What is being asked: Give again, word for word, the lines below that run from the line with "Cartes postales anciennes" through the line with "Motorola Droid Original". Drop the pictures.

*** Begin section ***

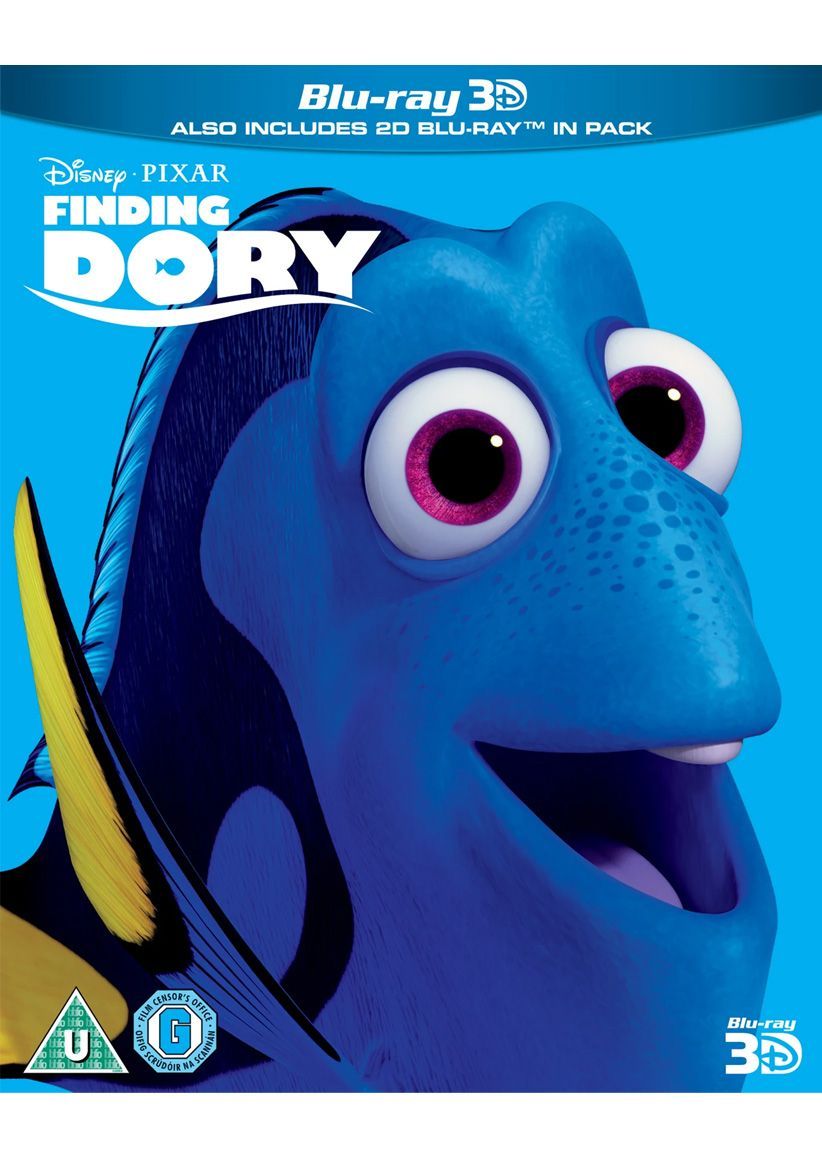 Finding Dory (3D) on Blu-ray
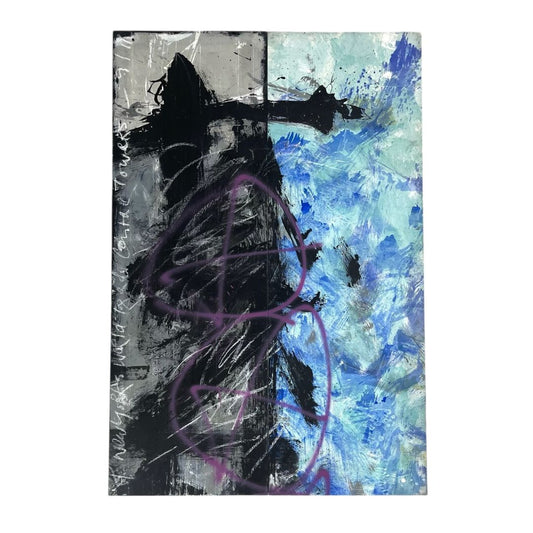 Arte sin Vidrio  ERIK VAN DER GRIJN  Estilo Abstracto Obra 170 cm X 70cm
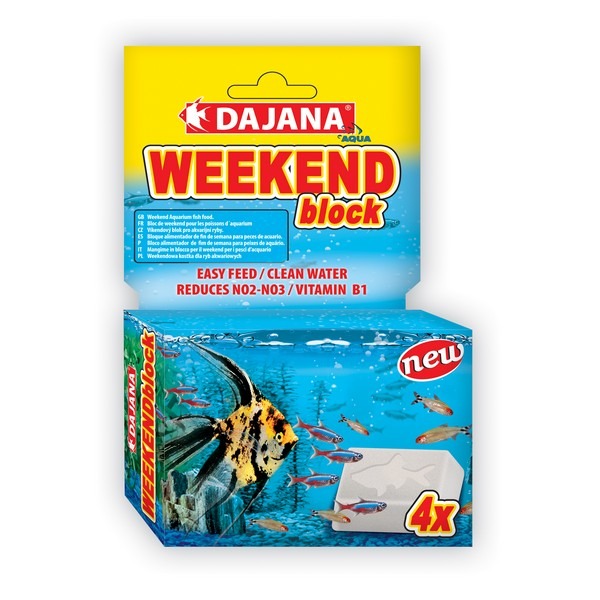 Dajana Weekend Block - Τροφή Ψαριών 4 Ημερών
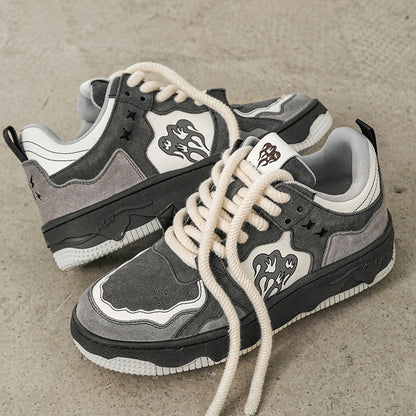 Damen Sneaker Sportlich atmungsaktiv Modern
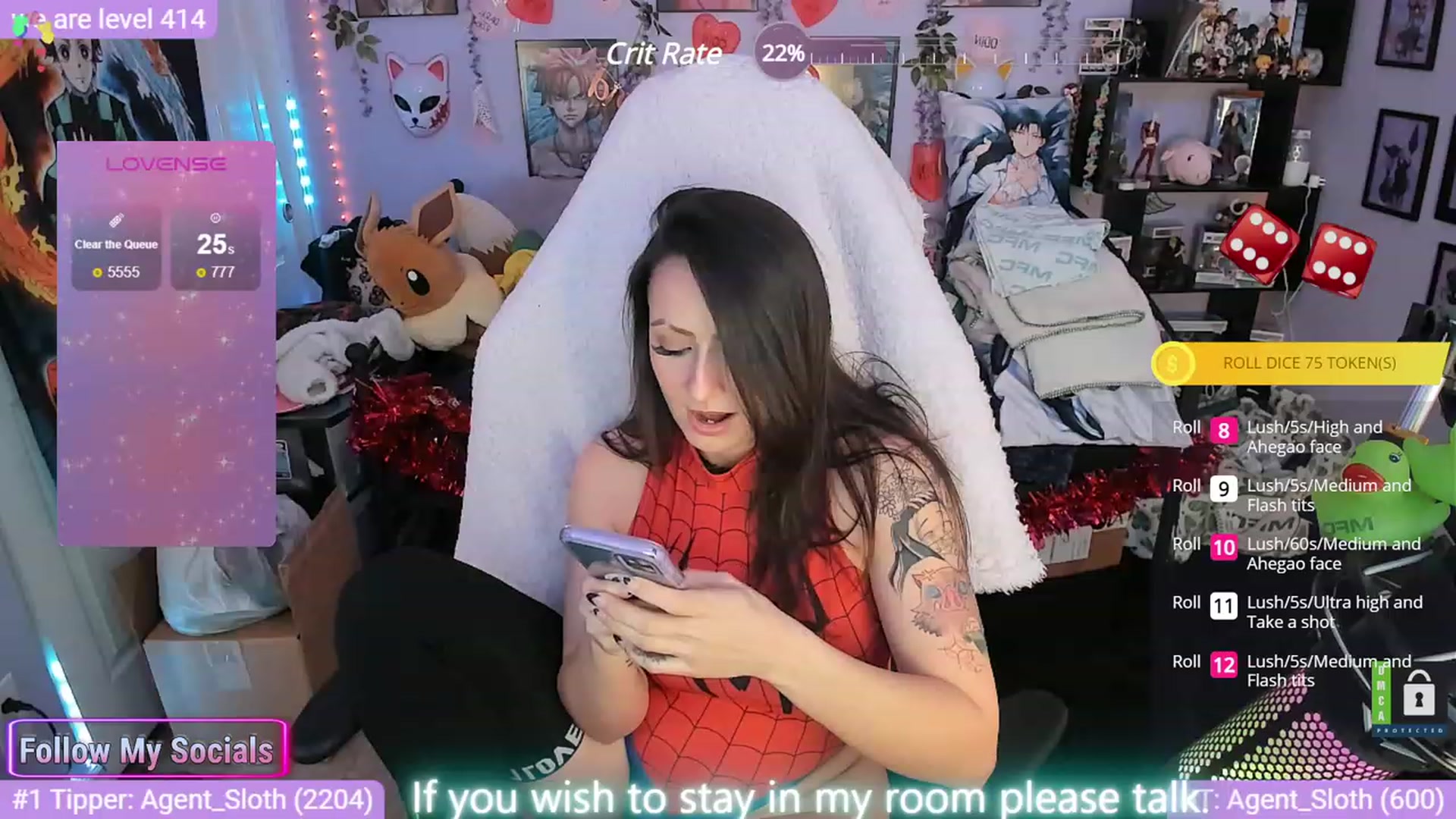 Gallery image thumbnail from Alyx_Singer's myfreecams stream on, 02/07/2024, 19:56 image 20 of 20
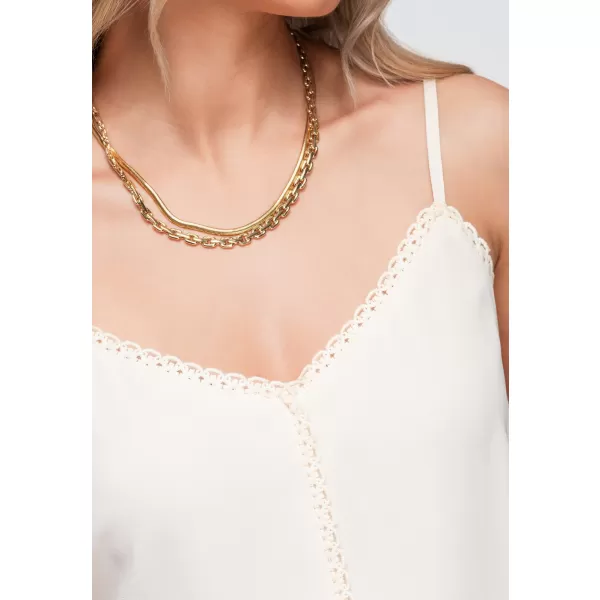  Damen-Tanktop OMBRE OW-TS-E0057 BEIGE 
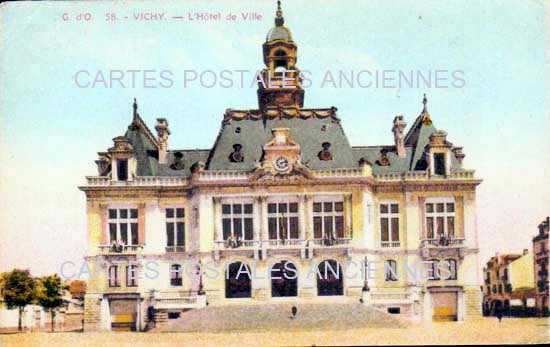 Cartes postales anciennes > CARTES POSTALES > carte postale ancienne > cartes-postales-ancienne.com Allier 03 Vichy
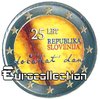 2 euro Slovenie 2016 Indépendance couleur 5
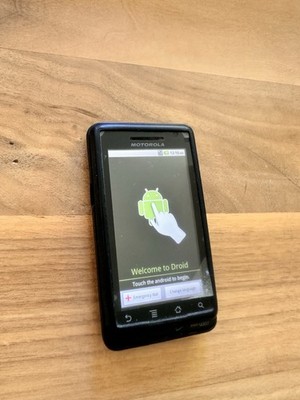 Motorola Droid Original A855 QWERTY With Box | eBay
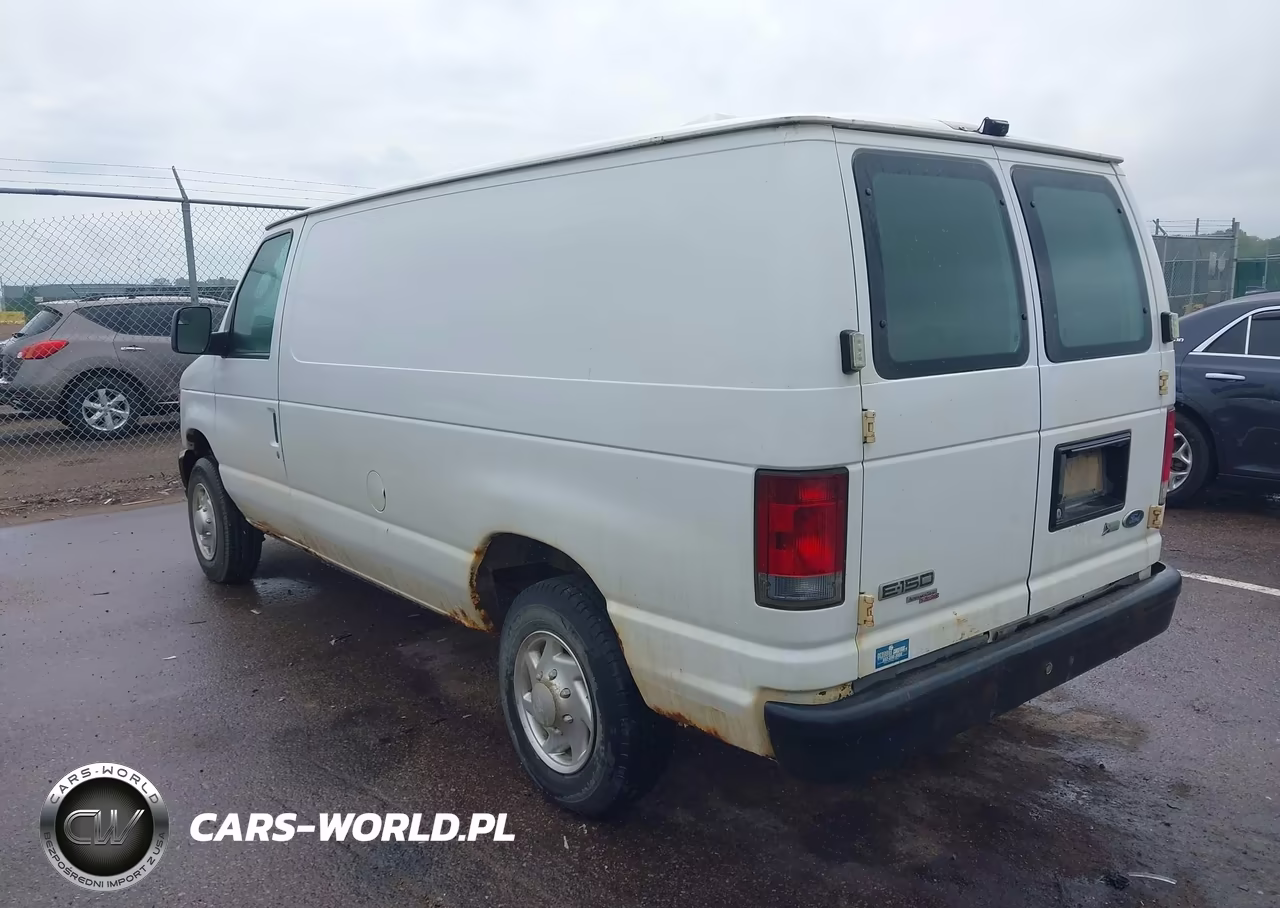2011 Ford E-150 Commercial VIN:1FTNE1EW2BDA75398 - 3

*** End section ***

Solution:
 Cartes postales anciennes > CARTES POSTALES > carte postale ancienne > cartes-postales-ancienne.com Allier 03 Vichy
 2 euro Slovenie 2016 Indépendance couleur 5
 Motorola Droid Original A855 QWERTY With Box | eBay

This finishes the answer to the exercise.